23 junio 2019

Mary Austin. La tierra de poca lluvia



Al oeste, el oeste de las mesetas y las colinas sin propietarios, hay más cielo que en ninguna otra parte del mundo. No se asienta plano sobre el borde de la tierra, sino que comienza en algún lugar del espacio en el que la tierra está tranquila, se ahonda más y está llena de limpios aires vinosos. Hay algunos olores, además, que se introducen en la sangre. Está el aroma primaveral a salvia, que anuncia que la savia está empezando a actuar en una tierra que parece no contener ninguno de los jugos de la vida; es el tipo de olor que nos hace pensar en el largo surco que el arado abriría aquí, el tipo de olor que es el comienzo del nuevo follaje, el mejor en el apogeo de la planta, y que deja un rastro picante dónde crece el ganado salvaje. Está el aroma de salvia al atardecer, salvia al fuego en campamentos de indios y campamentos de ovejas, que viaja en finas volutas de humo azul; el tipo de aroma que se te queda en el pelo y en la ropa y que no es muy apreciado, salvo en amigos de siempre, y todo paiute y todo pastor huelen indudablemente a eso.

Esa estupenda descripción forma parte de La tierra de poca lluvia, de Mary Austin (1864-1934), escritora estadounidense y pionera feminista que en este libro, publicado en 1903, habló de paisajes inhóspitos en los que es muy difícil la supervivencia en medio de una naturaleza extremada, El País de las Fronteras Perdidas, el desierto al sur de California, que caracterizó como “una región con tres estaciones. De junio a noviembre es calurosa, inmóvil e insoportable, afligida por tormentas violentas e implacables; luego, hasta abril, fría, muda, bebiendo su escasa lluvia y aún más escasas nieves; de abril a la estación calurosa, floreciente, radiante y seductora.”

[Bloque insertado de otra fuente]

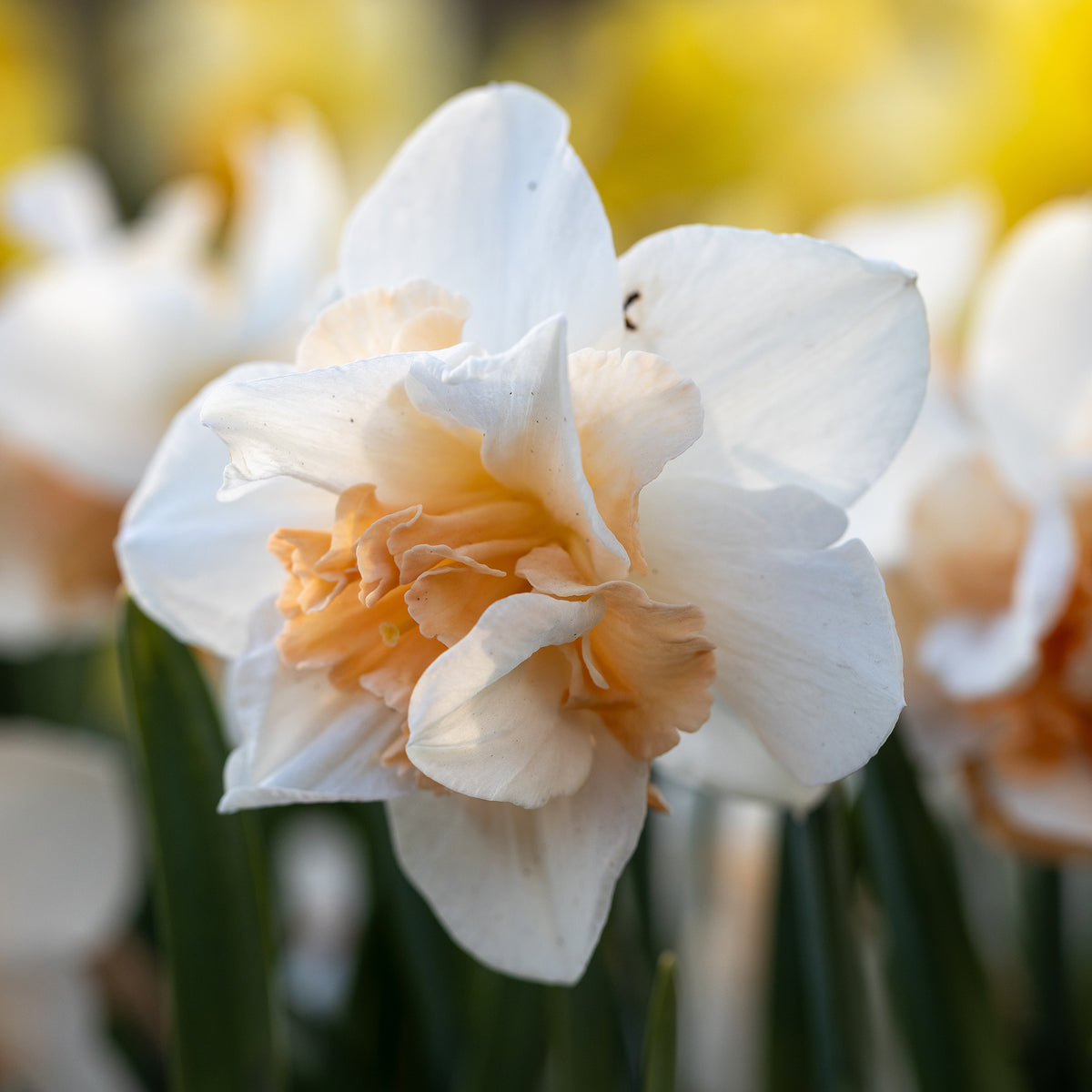 10 Narcisses à fleurs doubles doubles Delnashaugh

Una tierra de ríos perdidos, con muy poco en ella que se pueda amar; pero una tierra a la que, una vez que se visita, hay que volver inevitablemente. Si no fuera así, poco habría que decir de ella.

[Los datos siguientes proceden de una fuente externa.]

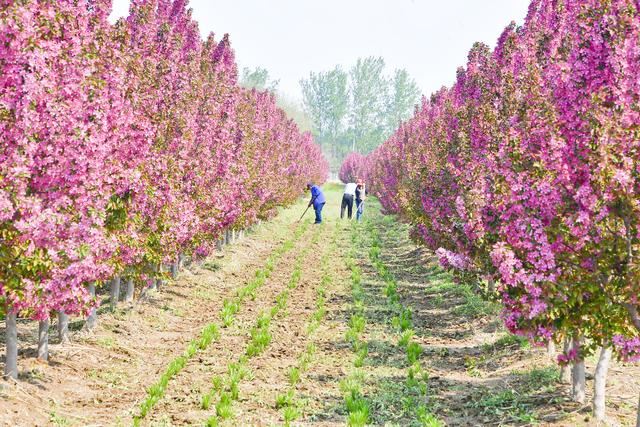 发展林下经济深加工延长产业链，通州永乐店种植园大作“花”样文章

Por eso se volcó en este esfuerzo narrativo y descriptivo, aunque “hay ciertos picos, cañones y praderas abiertas que se encuentran por encima de cualquier límite de las palabras.”

Con estas páginas nos dejó “un clásico de la literatura de los espacios salvajes”, según afirma la nota editorial con la que Hermida Editores presenta este libro traducido por José Luis Piquero.